----- DATASET

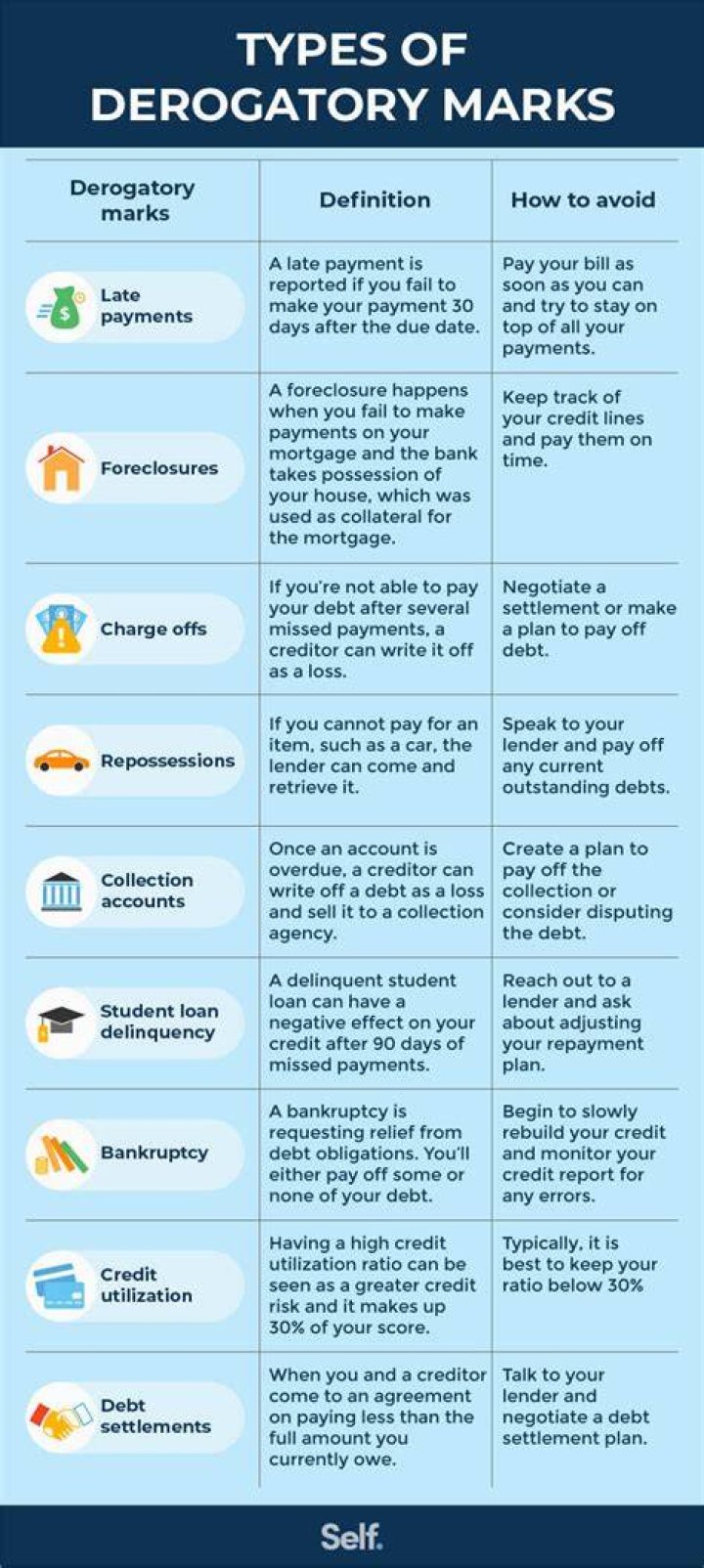 What is payment status derogatory?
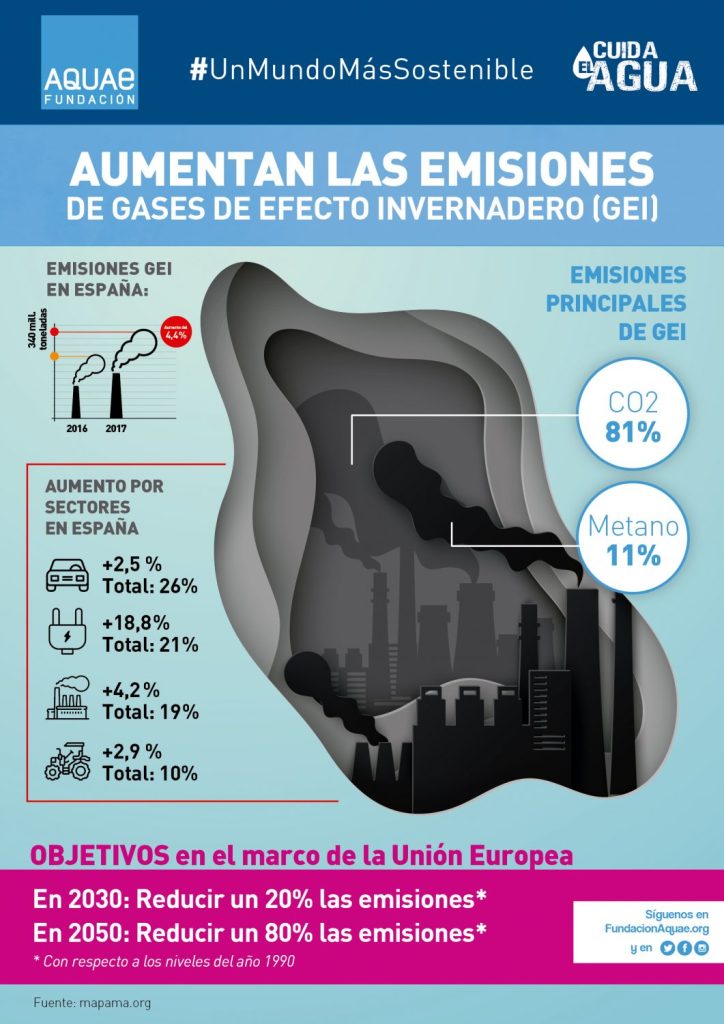 Infografía emisiones GEI España_Fundación Aquae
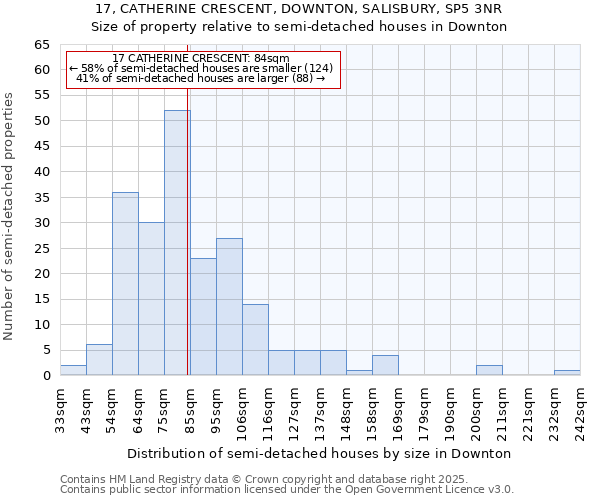 17, CATHERINE CRESCENT, DOWNTON, SALISBURY, SP5 3NR: Size of property relative to semi-detached houses houses in Downton
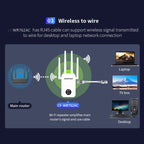 COMFAST 762AC 1200Mbps WiFi Signal Booster Dual Band WiFi Repeater with OLED Display Screen, CF-WR762AC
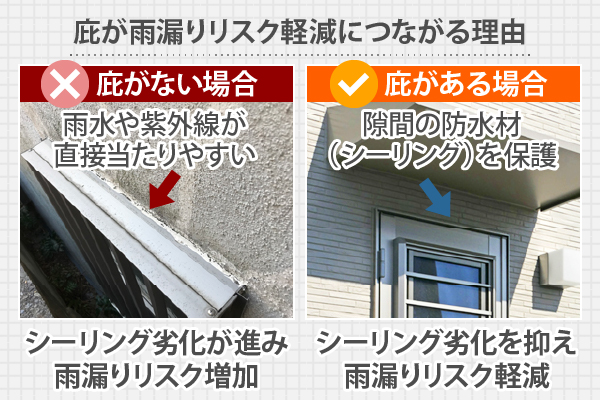 庇があると窓のサッシ周りのシーリングに雨水や紫外線が直接当たるのを防ぎ、劣化を軽減してくれます。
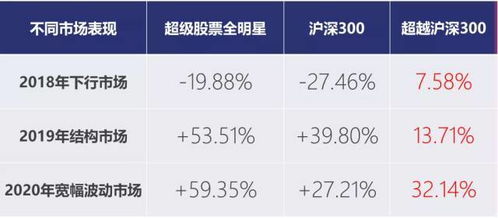 有专家管理,还要定投吗 投顾体验日回顾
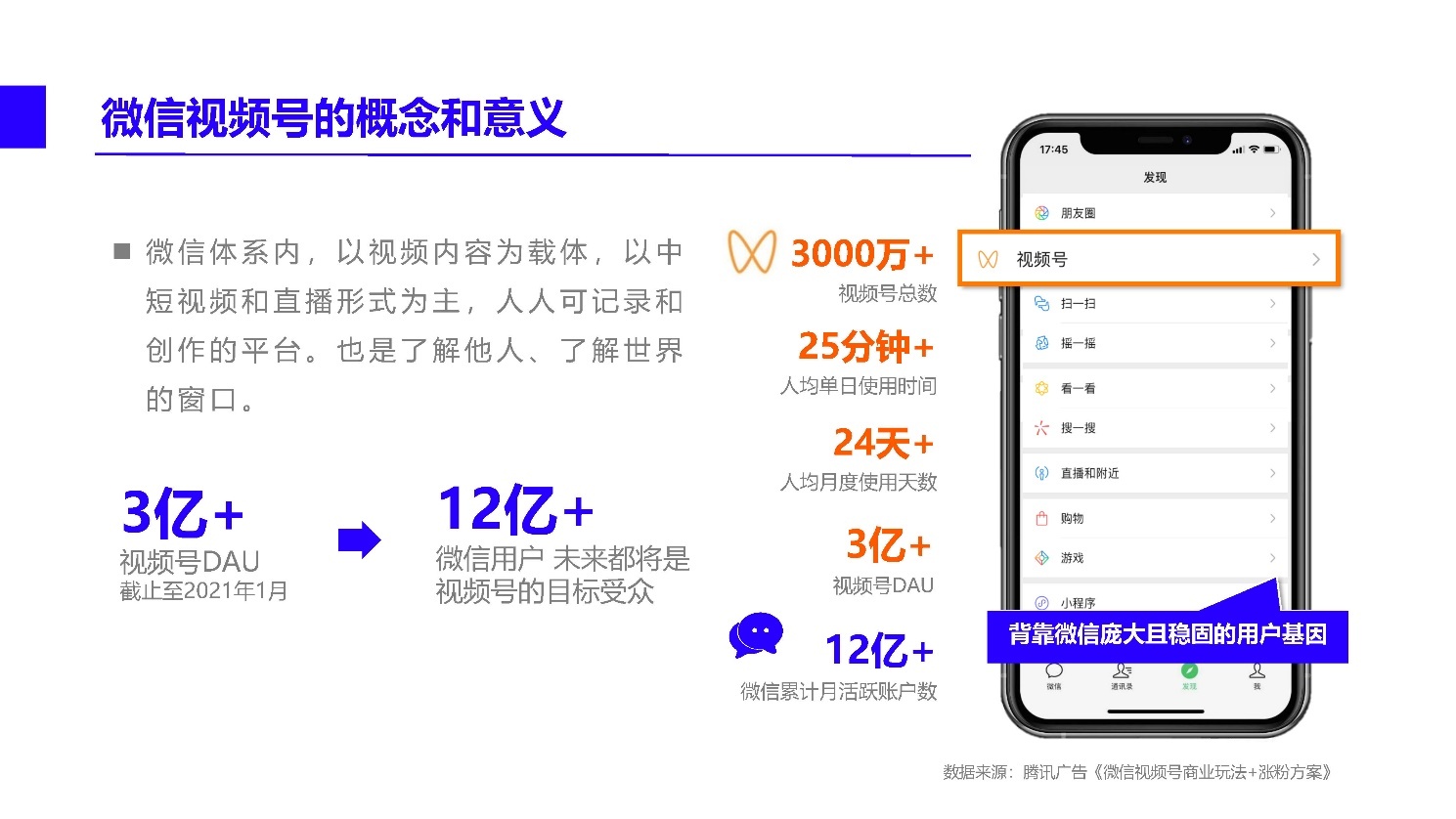 2021微信视频号内容营销方法论-第4张图片-90博客网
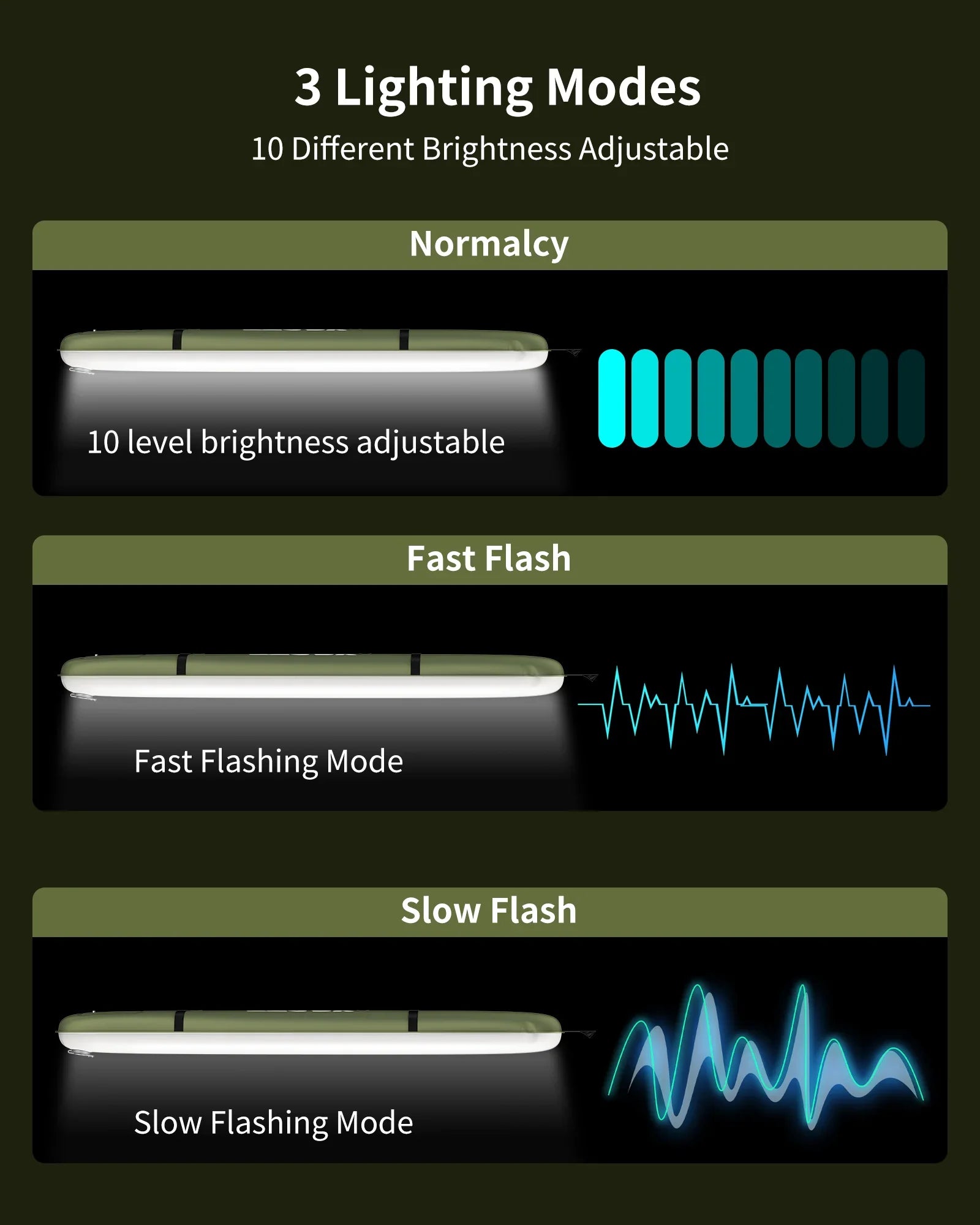 BowLift | Inflatable Solar LED Camping Light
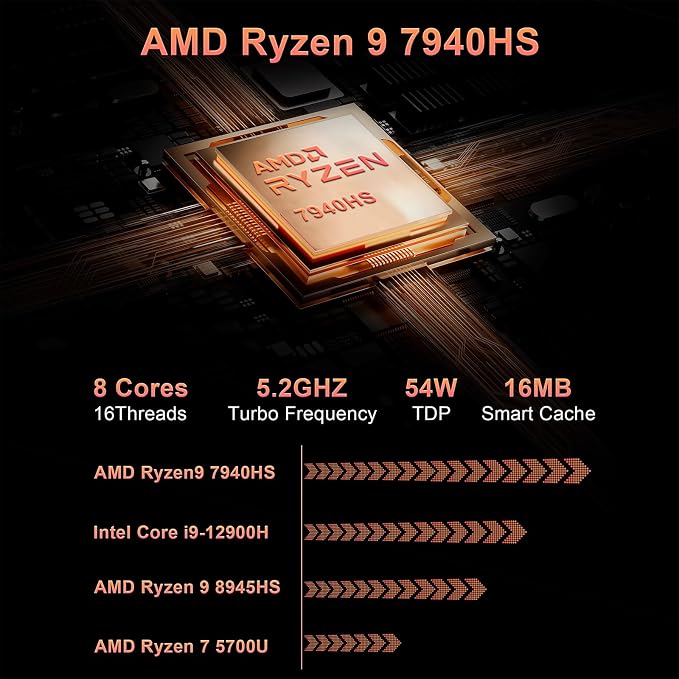 Mini Gaming PC, AMD Ryzen 9 7940HS 32GB DDR5 1TB SSD 5600 MHz, Alloy 9 Desktop - Image 3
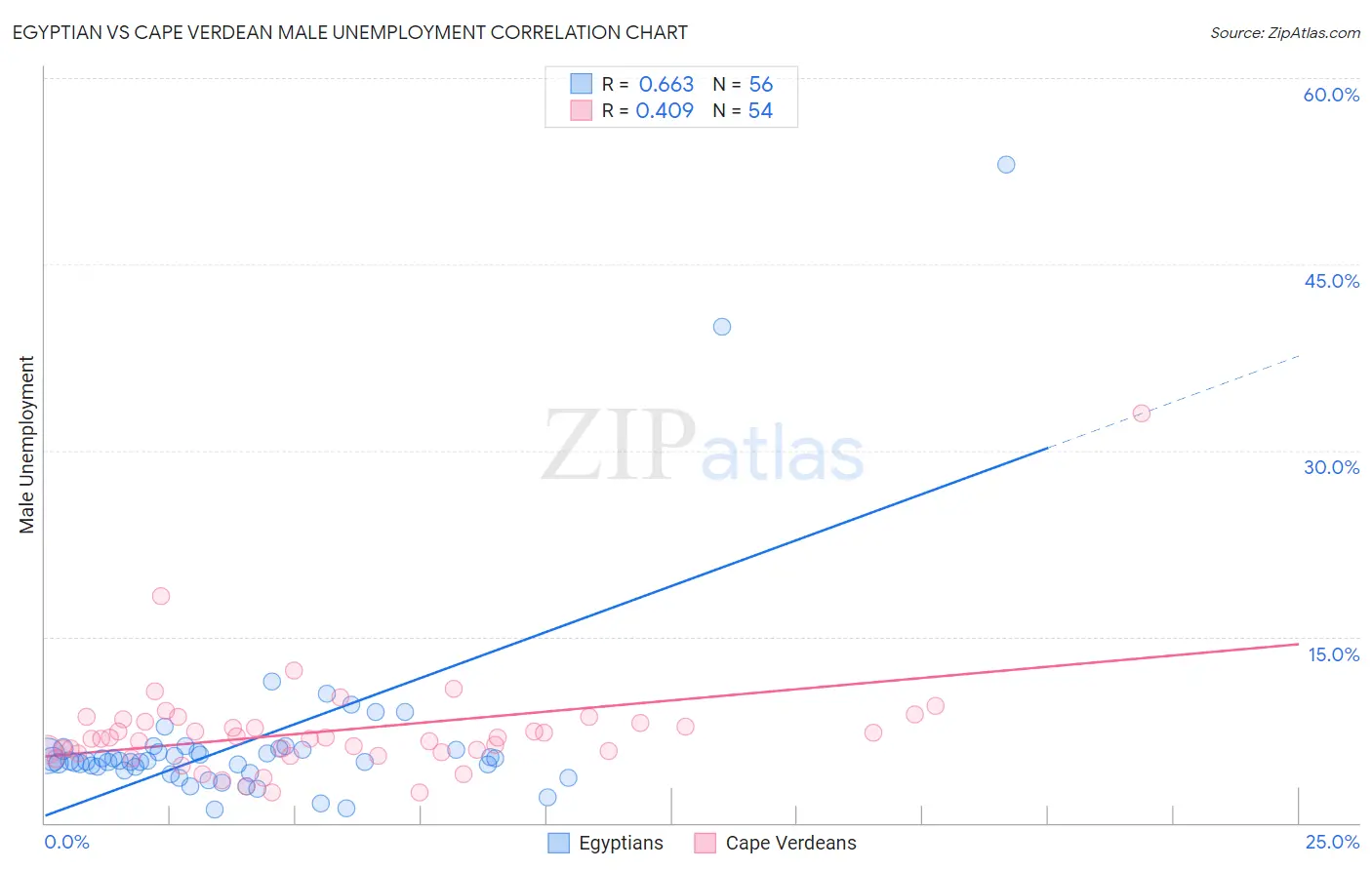 Egyptian vs Cape Verdean Male Unemployment
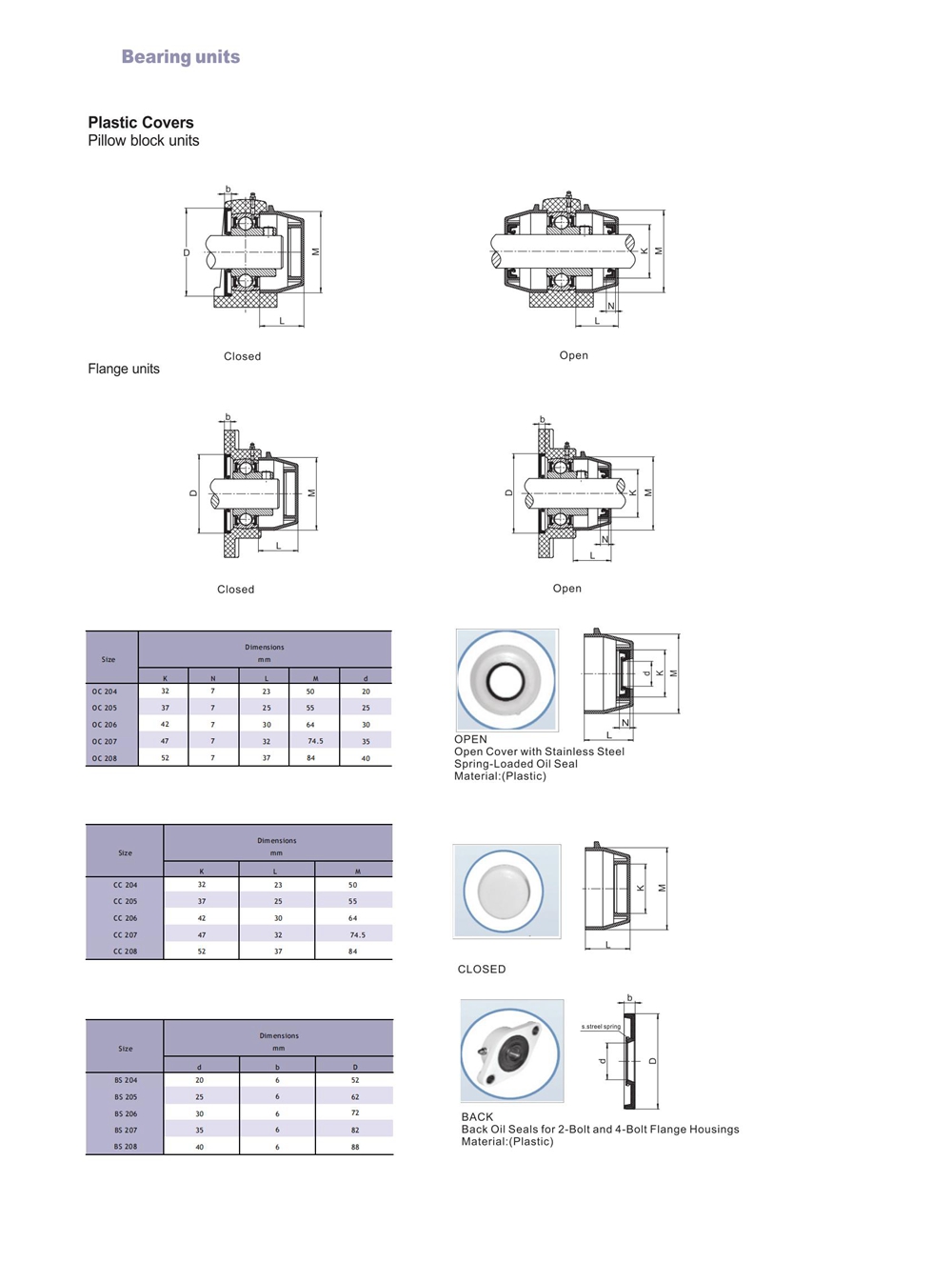 Insert Ball Bearings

----------

YOUR TASK: Write out, word for word, the lines running from the one containing "COMFAST 762AC 1200Mbps" to the end of the data above; the pictures are to be left out.

COMPLETED TASK:
 COMFAST 762AC 1200Mbps WiFi Signal Booster Dual Band WiFi Repeater with OLED Display Screen, CF-WR762AC
 庇があると窓のサッシ周りのシーリングに雨水や紫外線が直接当たるのを防ぎ、劣化を軽減してくれます。
 有专家管理,还要定投吗 投顾体验日回顾
 2021微信视频号内容营销方法论-第4张图片-90博客网
 BowLift | Inflatable Solar LED Camping Light
 Mini Gaming PC, AMD Ryzen 9 7940HS 32GB DDR5 1TB SSD 5600 MHz, Alloy 9 Desktop - Image 3
 Egyptian vs Cape Verdean Male Unemployment
 Insert Ball Bearings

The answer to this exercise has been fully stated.